- Task goal
Print the records below exactly. Omit every picture.

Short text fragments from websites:
+ + + + +

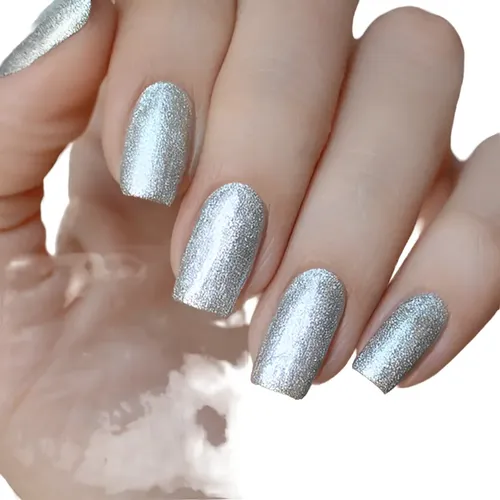 Pink Mask Esmalte Semipermanente Gel Color X 15ml/.5floz Color Silver Lake
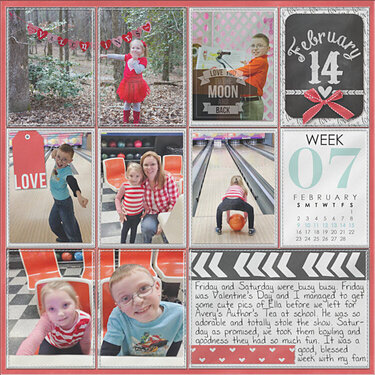 Project Life 2014 Week 7 Right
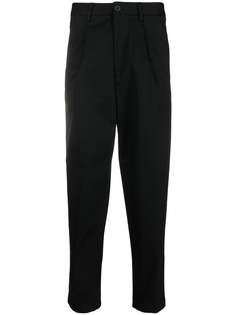 Armani Exchange широкие брюки строгого кроя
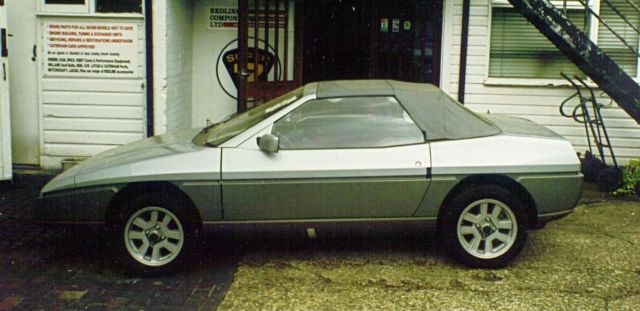 1984 Lotus Other M90/X100 prototype - photo 2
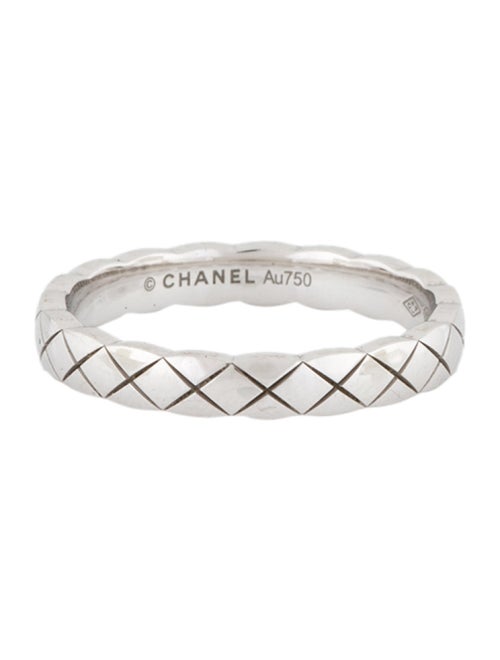 Chanel 18K Mini Coco Crush Ring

+ + + + +

- Response to this task
 Pink Mask Esmalte Semipermanente Gel Color X 15ml/.5floz Color Silver Lake
 Project Life 2014 Week 7 Right
 Armani Exchange широкие брюки строгого кроя
 1984 Lotus Other M90/X100 prototype - photo 2
 Chanel 18K Mini Coco Crush Ring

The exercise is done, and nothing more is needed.